|Kidnap cases up, warns watchdog|
By Mer Layson, Correspondent
Kidnap-for-ransom gangs are on the loose
again: three Chinese Filipinos and an Indian have been kidnapped in the last six
weeks, an anticrime watchdog reported on Thursday.
Besides the mysterious abduction of
19-year-old Maureen Elizabeth Pizarro in Quiapo, Manila, on September 7, three
more cases involving Chinese Filipinos were recorded in Manila during the same
period, according to the Citizen’s Action Against Crime (CAAC), led by the
anticrime crusader Teresita Ang-See.
Records gathered from the CAAC and the
Movement for Restoration of Peace and Order (MRPO) showed that the victims,
except for one, were released only after their families paid ransom of at least
P5 million each.
The first victim, a 28-year-old Indian, was
kidnapped by still unidentified armed men on August 8 on Vito Cruz Street in
Manila but rescued by police in Muntinlupa City.
On August 12 a Chinese Filipino trader was
also kidnapped in Tondo, but was released after paying P5 million.
Another victim, a 78-year-old businesswoman,
was kidnapped in broad daylight in Tondo, but was released in Angeles City,
Pampanga, days after her family paid P5 million.

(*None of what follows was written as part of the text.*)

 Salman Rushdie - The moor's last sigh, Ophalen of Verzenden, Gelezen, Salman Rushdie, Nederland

The fourth kidnapping took place on August
29 on Makiling and Dimasalang streets in Sampaloc, Manila. The victim, an
18-year-old student at the University of Santo Tomas, was snatched on her way
home. Her family also paid P5 million for her release.

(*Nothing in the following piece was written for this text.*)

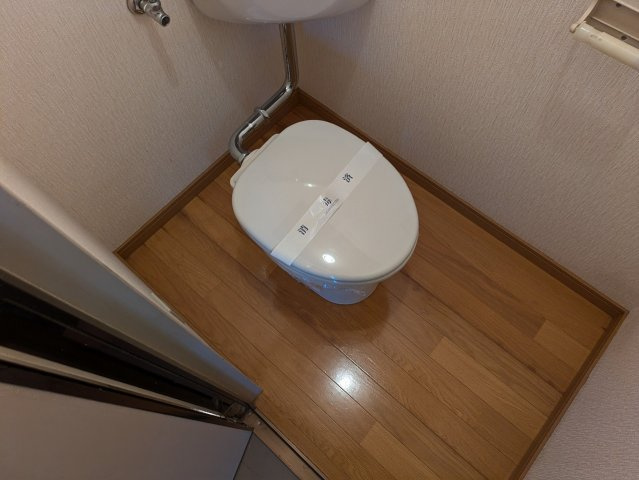 畑本ハイツの設備|畑本ハイツ（柏原市旭ケ丘・河内国分駅）　お手洗い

These incidents were not recorded at the
Western Police District (WPD).
Because of the rush of kidnappings, the CAAC
and the MRPO appealed to businessmen and the Filipino Chinese community to be
more vigilant and guard against kidnappers.
Maureen, an aspiring commercial model, was
abducted at the Lacson underpass in Quiapo after attending the 5 p.m. Mass at
the Quiapo church.
The WPD director, Chief Supt. Pedro Bulaong,
said the WPD has no records of the reported kidnappings, because they are being
handled by the Presidential Anticrime Emergency Response unit in Camp Crame.
The WPD regularly helps the unit with cases
if it receives information about them.
Bulaong explained that it is very important
that the victims’ families report the kidnappings to authorities so police
could track down the kidnappers.
“Kailangan ang kooperasyon ng publiko para maresolba ang isang insidente ng kidnapping [The public’s cooperation is needed to resolve the kidnappings],” he said.